In the Pillory

Washington has surprisingly brought up the subject of Israel’s nuclear arsenal, causing confusion and nervous reactions in Tel Aviv.

Rose Gottemoeller, Assistant Secretary of State for Verification, Compliance, and Implementation, is the cause of a minor sensation in New York concerning the approaching meeting of the signatories to the Nuclear Non-proliferation Treaty: she says the United States expects India, Pakistan, North Korea and Israel to sign on as well. According to an article in the Washington Times, the U.S. is prepared to derail the 40-year-old secret agreement that has exempted Israel’s nuclear weapons from international control.

Until now, Israel could be assured that Washington would continue to defend the Israeli exemption. In a secret agreement in 1969, Golda Meir and Richard Nixon agreed that Israel would conduct no nuclear tests in return for the U.S. dropping its insistence that Israel sign the non-proliferation treaty. This admission marks the first time the United States has officially confirmed the existence of Israeli nuclear weapons. Meanwhile, the country is estimated to have an arsenal of some 200 nuclear warheads.

This dramatic about-face in U.S. policy, as the Washington Post called it, caught the Israelis flat-footed. Ex-Knesset member Uzi Even, a scientist who had worked on the Dimona nuclear reactor, was critical: “In the past, there was an informal agreement by which the Americans looked the other way regarding Israel’s nuclear weapons. Now they are tacitly breaking this agreement.”

On Israeli military radio, Dov Weissglas, formerly chief strategist to ex-Premier Ariel Sharon called the announcement “an extremely worrying turn of events” that will endanger Israel’s national security in the long term. The Israeli foreign office reacted with confusion, saying it was difficult to understand why the U.S. would insist on adherence to a treaty that has proven to be so ineffective. Ignoring its own nuclear potential, Tel Aviv tried finger-pointing tactics last week, saying the treaty had not prevented other countries from developing nuclear weapons and citing Iran as an example.

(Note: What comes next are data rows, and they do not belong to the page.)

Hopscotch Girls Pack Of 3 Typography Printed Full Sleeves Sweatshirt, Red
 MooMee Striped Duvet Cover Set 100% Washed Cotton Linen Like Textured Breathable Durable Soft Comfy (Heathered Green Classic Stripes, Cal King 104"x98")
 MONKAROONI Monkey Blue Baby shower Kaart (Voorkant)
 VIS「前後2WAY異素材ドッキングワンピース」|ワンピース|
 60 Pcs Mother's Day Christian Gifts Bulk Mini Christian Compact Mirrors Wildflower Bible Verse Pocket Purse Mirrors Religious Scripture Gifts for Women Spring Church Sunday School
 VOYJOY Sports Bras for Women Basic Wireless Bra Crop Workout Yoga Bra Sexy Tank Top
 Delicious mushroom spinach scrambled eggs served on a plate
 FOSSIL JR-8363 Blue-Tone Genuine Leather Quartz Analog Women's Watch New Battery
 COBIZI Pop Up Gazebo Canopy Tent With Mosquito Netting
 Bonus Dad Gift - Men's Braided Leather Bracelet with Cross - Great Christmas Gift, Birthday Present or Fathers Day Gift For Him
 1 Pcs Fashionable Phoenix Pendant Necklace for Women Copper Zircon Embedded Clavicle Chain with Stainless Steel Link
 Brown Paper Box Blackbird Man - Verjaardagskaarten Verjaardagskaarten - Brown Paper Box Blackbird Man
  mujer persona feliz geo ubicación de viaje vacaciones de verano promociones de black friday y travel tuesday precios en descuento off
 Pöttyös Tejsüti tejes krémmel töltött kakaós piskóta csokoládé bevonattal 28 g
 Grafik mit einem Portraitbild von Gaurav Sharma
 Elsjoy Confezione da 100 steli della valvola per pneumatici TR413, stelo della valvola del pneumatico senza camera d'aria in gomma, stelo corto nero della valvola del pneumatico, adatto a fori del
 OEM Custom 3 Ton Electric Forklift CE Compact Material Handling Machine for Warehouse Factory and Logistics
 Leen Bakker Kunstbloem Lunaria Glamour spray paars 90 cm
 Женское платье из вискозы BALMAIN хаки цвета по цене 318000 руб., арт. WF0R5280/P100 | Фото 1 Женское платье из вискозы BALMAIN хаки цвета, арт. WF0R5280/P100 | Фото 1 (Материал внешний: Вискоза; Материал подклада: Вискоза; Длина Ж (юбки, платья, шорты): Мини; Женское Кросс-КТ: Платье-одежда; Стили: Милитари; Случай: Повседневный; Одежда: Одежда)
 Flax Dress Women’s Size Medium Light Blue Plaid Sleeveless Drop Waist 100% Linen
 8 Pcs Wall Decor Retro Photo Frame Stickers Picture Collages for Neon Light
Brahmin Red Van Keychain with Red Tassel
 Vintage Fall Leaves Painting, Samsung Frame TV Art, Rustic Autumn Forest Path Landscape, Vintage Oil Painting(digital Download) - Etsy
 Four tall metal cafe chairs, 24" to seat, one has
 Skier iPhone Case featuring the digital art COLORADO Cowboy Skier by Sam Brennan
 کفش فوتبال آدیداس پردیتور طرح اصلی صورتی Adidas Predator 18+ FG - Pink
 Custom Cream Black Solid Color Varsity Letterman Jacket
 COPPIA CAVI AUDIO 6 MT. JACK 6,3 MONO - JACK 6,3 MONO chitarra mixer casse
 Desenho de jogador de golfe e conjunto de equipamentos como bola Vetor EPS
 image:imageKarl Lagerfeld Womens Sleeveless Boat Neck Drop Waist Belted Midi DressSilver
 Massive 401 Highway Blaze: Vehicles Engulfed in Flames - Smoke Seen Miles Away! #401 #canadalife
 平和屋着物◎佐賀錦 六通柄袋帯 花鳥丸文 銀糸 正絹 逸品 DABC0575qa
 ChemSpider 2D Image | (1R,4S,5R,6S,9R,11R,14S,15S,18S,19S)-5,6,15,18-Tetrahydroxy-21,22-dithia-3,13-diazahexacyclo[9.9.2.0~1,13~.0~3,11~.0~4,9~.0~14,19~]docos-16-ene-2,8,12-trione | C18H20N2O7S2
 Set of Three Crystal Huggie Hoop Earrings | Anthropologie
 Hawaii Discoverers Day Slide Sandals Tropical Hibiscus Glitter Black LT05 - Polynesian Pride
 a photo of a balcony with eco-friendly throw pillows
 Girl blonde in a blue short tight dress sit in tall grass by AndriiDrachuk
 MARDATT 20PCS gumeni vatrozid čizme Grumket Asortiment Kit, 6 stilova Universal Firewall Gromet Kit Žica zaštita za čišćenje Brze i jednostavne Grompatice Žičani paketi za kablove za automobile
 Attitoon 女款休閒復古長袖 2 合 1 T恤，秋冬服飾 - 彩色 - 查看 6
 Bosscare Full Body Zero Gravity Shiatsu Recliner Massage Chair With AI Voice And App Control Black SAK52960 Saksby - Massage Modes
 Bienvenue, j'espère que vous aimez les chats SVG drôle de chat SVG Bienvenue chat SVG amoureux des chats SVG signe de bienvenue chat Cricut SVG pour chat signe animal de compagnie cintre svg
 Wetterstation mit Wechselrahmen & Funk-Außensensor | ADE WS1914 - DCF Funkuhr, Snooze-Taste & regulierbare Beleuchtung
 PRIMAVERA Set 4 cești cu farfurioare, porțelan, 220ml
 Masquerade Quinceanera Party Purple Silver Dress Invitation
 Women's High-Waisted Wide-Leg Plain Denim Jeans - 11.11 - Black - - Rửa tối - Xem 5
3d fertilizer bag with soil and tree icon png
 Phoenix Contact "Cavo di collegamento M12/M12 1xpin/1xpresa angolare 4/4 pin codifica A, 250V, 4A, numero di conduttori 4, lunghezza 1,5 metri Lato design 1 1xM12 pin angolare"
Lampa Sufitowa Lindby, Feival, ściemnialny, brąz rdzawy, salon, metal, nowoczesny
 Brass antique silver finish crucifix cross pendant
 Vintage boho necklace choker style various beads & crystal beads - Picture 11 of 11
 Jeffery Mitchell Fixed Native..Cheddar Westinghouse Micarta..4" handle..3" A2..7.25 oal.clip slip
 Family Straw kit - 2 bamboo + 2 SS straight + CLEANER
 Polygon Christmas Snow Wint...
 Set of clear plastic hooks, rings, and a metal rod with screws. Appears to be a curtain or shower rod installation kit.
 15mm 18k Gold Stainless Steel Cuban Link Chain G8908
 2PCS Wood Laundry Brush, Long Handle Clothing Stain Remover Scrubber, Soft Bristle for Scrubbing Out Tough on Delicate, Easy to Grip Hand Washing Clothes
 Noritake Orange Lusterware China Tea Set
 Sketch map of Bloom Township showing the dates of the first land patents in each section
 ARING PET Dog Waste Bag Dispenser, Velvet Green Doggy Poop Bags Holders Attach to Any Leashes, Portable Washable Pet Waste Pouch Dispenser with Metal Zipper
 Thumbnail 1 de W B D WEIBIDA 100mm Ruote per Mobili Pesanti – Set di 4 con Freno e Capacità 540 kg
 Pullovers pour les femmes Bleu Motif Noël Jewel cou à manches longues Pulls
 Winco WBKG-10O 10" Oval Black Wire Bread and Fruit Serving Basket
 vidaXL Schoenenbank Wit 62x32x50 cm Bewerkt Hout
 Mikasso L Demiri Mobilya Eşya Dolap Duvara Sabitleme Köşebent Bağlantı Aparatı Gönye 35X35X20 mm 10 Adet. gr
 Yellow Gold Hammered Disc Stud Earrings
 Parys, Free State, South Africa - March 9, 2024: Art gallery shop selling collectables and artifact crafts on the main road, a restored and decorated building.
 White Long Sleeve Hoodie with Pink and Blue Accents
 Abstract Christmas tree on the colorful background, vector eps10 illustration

Hossam Zaki, an Egyptian foreign office spokesman, disagreed, saying that Western countries would fail to halt Iran’s civilian nuclear program as long as they ignore Israeli nuclear capabilities. He also said Tel Aviv’s nuclear program was “the first and greatest threat to security in the region.” He claimed Israel’s nuclear weapons destroyed the balance of power in the Near East and only prompted other nations to seek nuclear weapons.

Amr Moussa, Secretary General of the Arab League, said it was “Israel’s military nuclear program that frightened Arabs, not Iran’s.” He added that Israel’s nuclear program has been proven to be military in nature, while there are “no indications that Iran is pursuing a military nuclear program.” Syrian President Bashar al-Assad agreed with this position last week when he said, “All nations have the right to possess nuclear energy. Those who suspect the presence of an Iranian military nuclear program should also show that they are concerned about the Israeli military nuclear program.”

Washington’s demands are seen in Tel Aviv as stage scenery intended to prod Benjamin Netanyahu into re-engaging in the Middle East peace process. Just a few days ago, Vice President Joe Biden curtly insisted Israel get on board with the two-state solution and give up its settlement policy in the West Bank: “Do not build more settlements, dismantle existing outposts and allow Palestinians freedom of movement,” he said. Washington now appears to be abandoning George W. Bush’s aggressive Middle East policies and changing policy toward Israel as well. “What the Israelis sense, rightly, is that Obama wants to do something new on Iran and this may very well involve doing something new about Israel’s program,” said Henry Sokolski, Director of the Washington-based non-governmental Nuclear Nonproliferation Policy Education Center.